Hi there,
I’m doing data scraping from a website with 18,000 records that has endless scrolling, and I’m using following steps/logic to extract data which works fine.
- Assign ExtractedRecords_Previous = 0
- Send Hot Key [End] **** This is to scroll down to the end
- Extract/Data scrap and count ExtractedRecords_Current
- if ( ExtractedRecords_Previous = ExtractedRecords_Current ) *** Stops Scrapping
But when scrolling down for long and extract approx. 10K to 11K Chrome TAB crashes with Error Code: Out Of Memory . From researching looks like it’s because of UiPath Browser Extension consuming memory.
If I close/refresh it opens but I have to start data scrapping all over again.
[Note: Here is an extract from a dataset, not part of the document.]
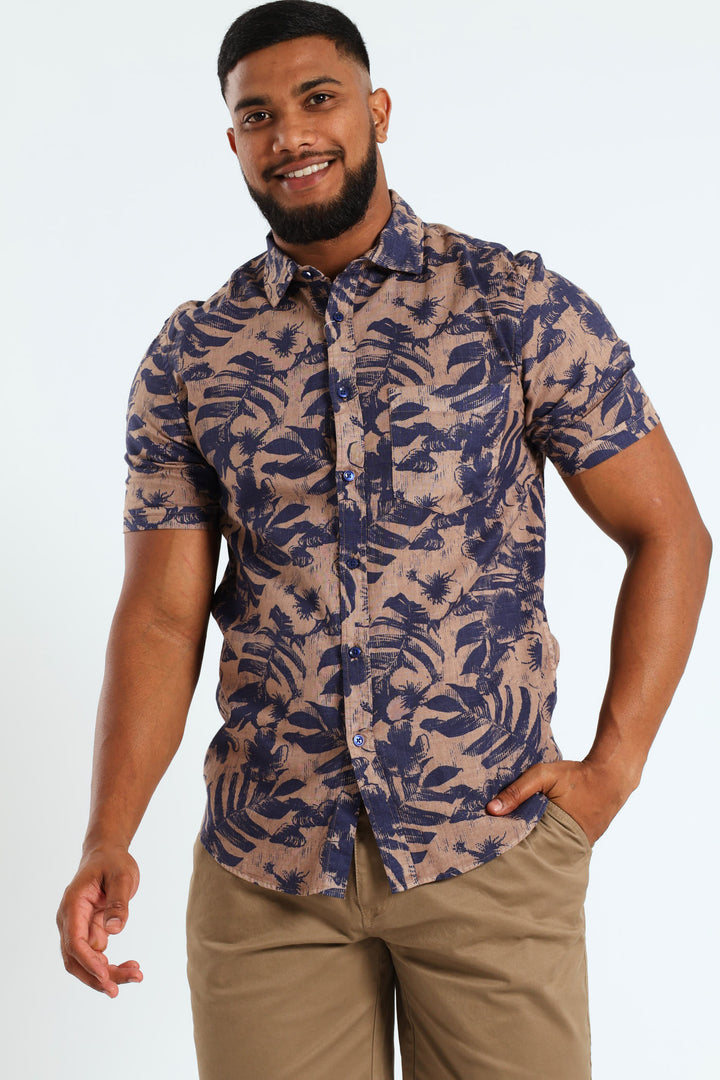 Floral Short Sleeve Shirt - Stone/Blue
Is there a way of detecting before it happens and handle it Or permanent solution for this?
Please I need help.
CC: @loginerror @Palaniyappan @marian.platonov @moosh
|| UPDATES ||
I have used a script on the browser console just to isolate UiPath Extension and same error came back. Therefore it is not caused by UiPath Extension.
// Declare some constants
const MAXIMUM_NUMBER_OF_TRIALS = 5;
const MINIMUM_SLEEPING_TIME_IN_MS = 500;
const MAXIMUM_SLEEPING_TIME_IN_MS = 2000;
// Utility functions
const sleep = (time) => new Promise((resolve) => setTimeout(resolve, time));
const randomNumber = (minimum, maximum) => Math.floor(Math.random() * maximum) + minimum;
const randomSleep = () => sleep(randomNumber(MINIMUM_SLEEPING_TIME_IN_MS, MAXIMUM_SLEEPING_TIME_IN_MS));
// How to get at the bottom of an infinity scroll
let currentScrollHeight = 0;
let manualStop = false;
let numberOfScrolls = 0;
let numberOfTrials = 0;
while (numberOfTrials < MAXIMUM_NUMBER_OF_TRIALS && !manualStop) {
// Keep the current scroll height
currentScrollHeight = document.body.scrollHeight;
// Scroll at the bottom of the page
window.scrollTo(0, currentScrollHeight);
// Wait some seconds to load more results
await randomSleep();
// If the height hasn't changed, there may be no more results to load
if (currentScrollHeight === document.body.scrollHeight) {
// Try another time
numberOfTrials++;
console.log(
`Is it already the end of the infinite scroll? ${MAXIMUM_NUMBER_OF_TRIALS - numberOfTrials} trials left.`,
);
} else {
// Restart the number of consecutive trials
numberOfTrials = 0;
// Increment the number of successful scroll
numberOfScrolls++;
console.log(`The scroll #${numberOfScrolls} was successful!`);
}
}
console.log('We should be at the bottom of the infinity scroll! Congratulation!');
console.log(`${numberOfScrolls} scrolls were needed to load all results!`);
I wish could be a way of detecting this and handle it before it happens.